需要があるとはいえ、ターゲットとなる顧客層が狭い商材で、売上が大きく上がるのだろうか。そう疑問をもつ人もいるかもしれない。しかし、HID屋は2020年から2024年の約4年で売上が8.7倍にも伸長している。練馬陸運局の隣に実店舗をかまえている一方で、主力の販路はECサイトだ。自社ECサイトと出品している全ECモールをあわせて、全体売上の98%を占めている。

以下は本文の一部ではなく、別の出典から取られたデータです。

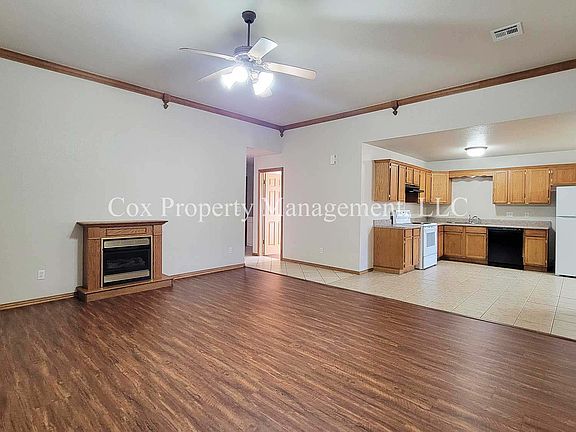 Living room has gas fireplace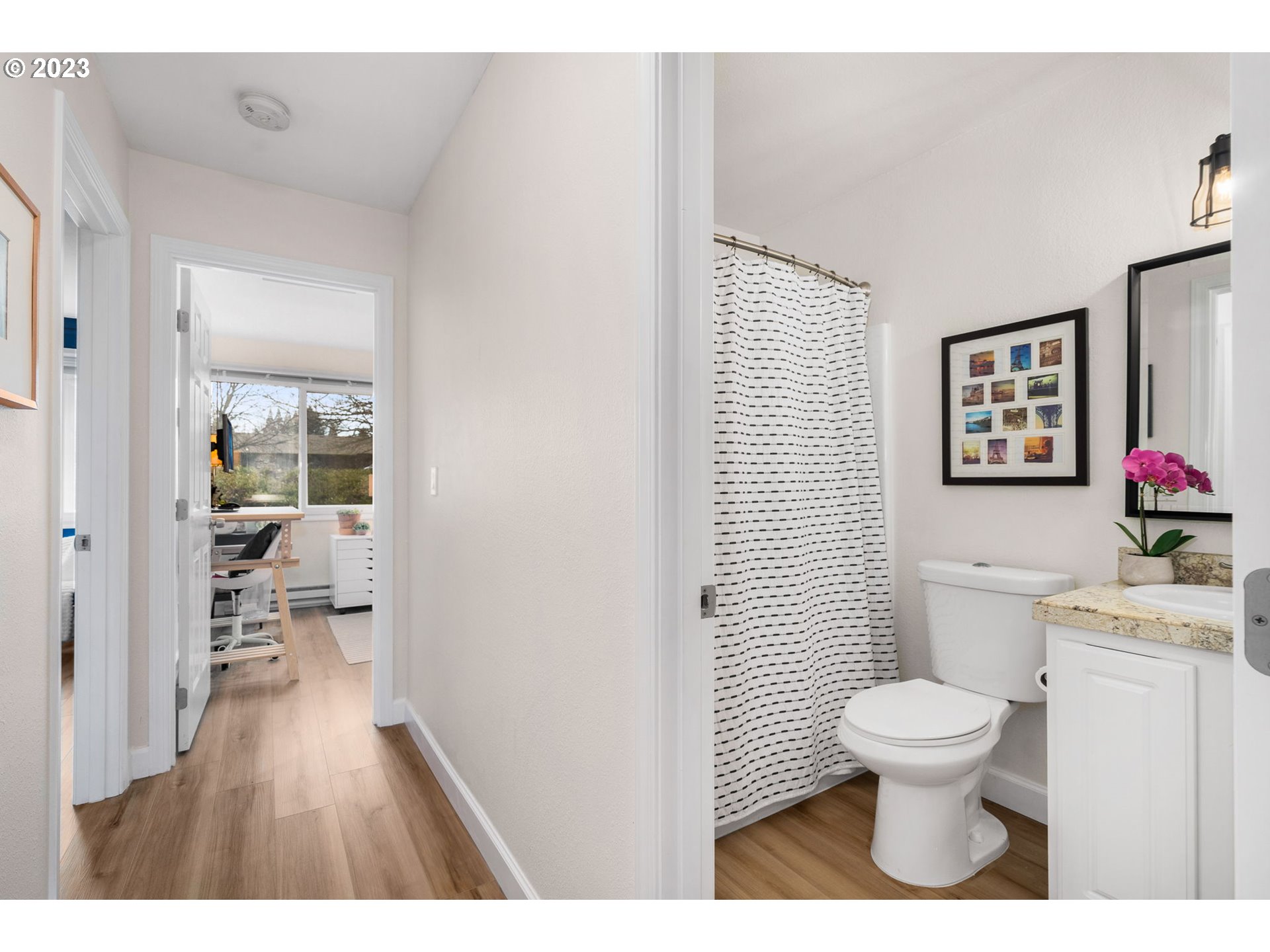 9340 Southwest 146th Terrace, Unit K7 Beaverton, OR 97007 - Photo 10 of 18 a bathroom with a toilet a sink and mirror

谷氏は「口コミが良い分、最初の一歩を作れるかが重要」と語る。認知拡大のために、HID屋は外部流入の増加施策とECモール、特にAmazon内の広告運用に力を入れてきた。2022年からマーケティング領域をけん引しているのが金澤氏だ。
「車好きのインフルエンサーが、YouTubeやXなどで当社の商品を紹介してくれた際、外部流入が急増しました。その中で最も影響が大きかったのがAmazonです。これをきっかけに、Amazon内でのファン創出には積極的に取り組んできました」(金澤氏)
こうしたSNS上の“バズ”の効果は一時的といえるだろう。ところが、HID屋のEC売上は安定的に拡大中だ。その背景には、商材の特徴を生かした広告運用の工夫がある。Amazonのように他社商品と比較される売り場で、どう存在感を示しているのだろうか。